Wie einst die NPD versendet nun auch die AfD Flyer, die „Abschiebetickets“ imitieren. Befürworter*innen eines Parteiverbots sehen sich bestärkt.
AfD-Werbebotschaft: geschmacklos und möglicherweise relevant für einen Verbotsantrag Foto: afd karlsruheBerlin taz | Eine groteske Wahlaktion der AfD in Karlsruhe sorgt für massive Kritik und erneute Forderungen nach einem Verbot der Partei. Zwei AfD-Ortsverbände hatten als „Abschiebeticket“ deklarierte Flyer verschickt, die Flugtickets imitieren sollen. Ob die Tickets gezielt an Menschen mit Migrationshintergrund geschickt wurden oder an alle Einwohner*innen, ist noch unklar.

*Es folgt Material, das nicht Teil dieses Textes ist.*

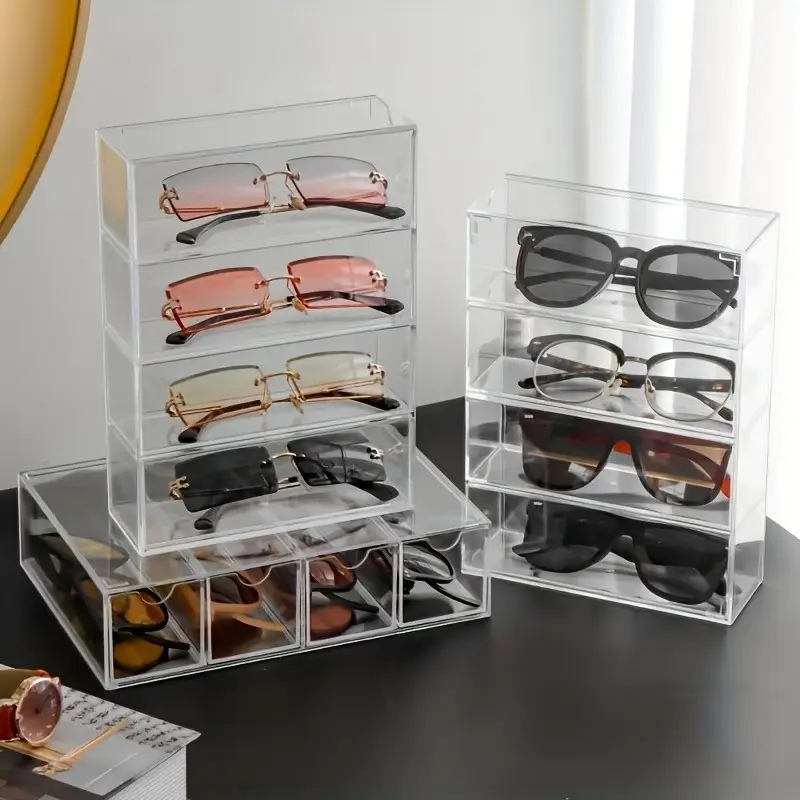 Acrylic Transparent Women's Eyeglasses Storage Box, Stylish Sunglass Organizer Case, Durable Plastic Container for Glasses Protection, Multilayer Storage, Clear Containers, Clear Storage Bins, Accessory Holder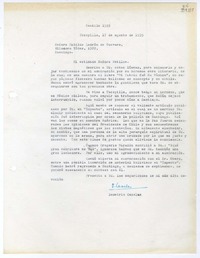 [Carta] 1955 agosto 17, Tocopilla, Chile [a] Matilde Ladrón de Guevara, Santiago  [manuscrito] Demetrio Canelas.
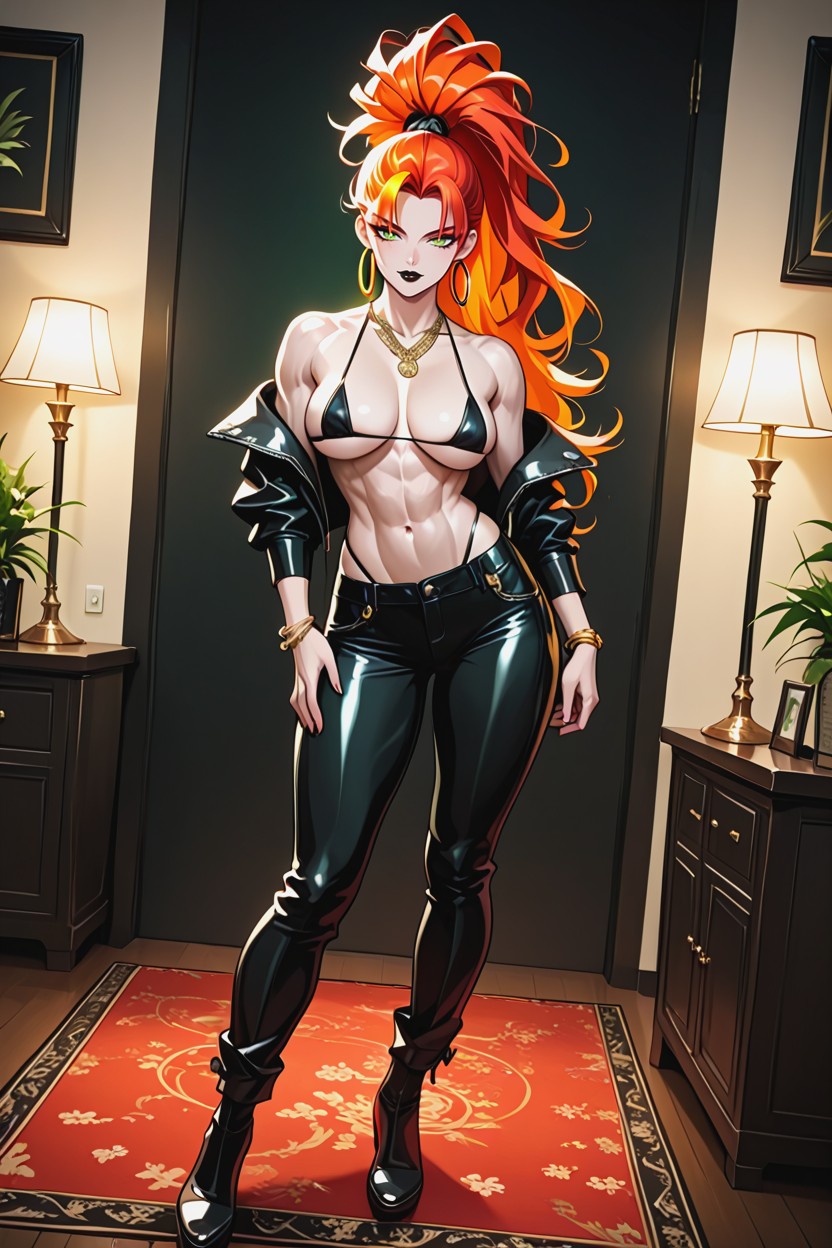 Illustration, Full Lips With Black Lipstick, But Realistic Anatomy ヘンタイAIポルノ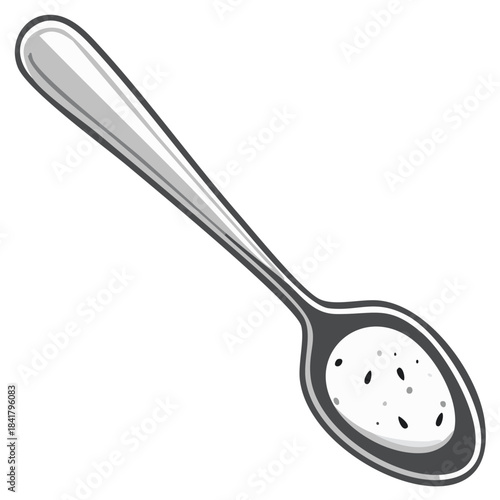 Spoon illustration with small black dots on white. Restaurant or kitchen utensil.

Der ehemalige Ostbeauftragte der Bundesregierung, Marco Wanderwitz (CDU), sagte der taz: „Was muss eigentlich noch passieren?“ Wanderwitz gilt schon länger als bedeutender Befürworter eines Parteiverbots und spielt eine Schlüsselrolle beim Versuch, das dafür nötige Verfahren einzuleiten. Einen entsprechenden Antrag hatten rund 100 Abgeordnete im November an Bundestagspräsidentin Bärbel Bas (SPD) übergeben.
Wanderwitz sagte weiter, die AfD sei „offenkundig rechtsextrem“ und die Flugticket-Aktion nur das jüngste Beispiel für eine sich immer weiter drehende „Radikalisierungsspirale“, in der die Partei sich befinde. Ein Jahr nach den Enthüllungen über das Geheimtreffen in Potsdam setze die AfD ganz offen auf Remigration als Wahlkampfthema. Und er erinnert: „Die verantwortlichen Kreisverbände gehören zum Landesverband der AfD-Spitzenkandidatin für die Bundestagswahl, Alice Weidel.“
Auch die innenpolitische Sprecherin der Linken im Bundestag, Martina Renner, machte im Gespräch mit der taz erneut Druck für ein Verbotsverfahren: „Wir brauchen keine weiteren Belege dafür, dass die AfD gefährlich ist. Wir brauchen einen Bundestag, der handelt und eine Überprüfung beim Bundesverfassungsgericht beantragt.“ Mit der Flugticket-Aktion unterstreiche die Partei einmal mehr, „dass sie mit dem Schlagwort Remigration ganz gezielt die Vertreibung von Menschen mit Migrationshintergrund meint“. Es gehe auch schlicht darum, die Empfänger*innen der Fake-Tickets „in Angst und Schrecken“ zu versetzen.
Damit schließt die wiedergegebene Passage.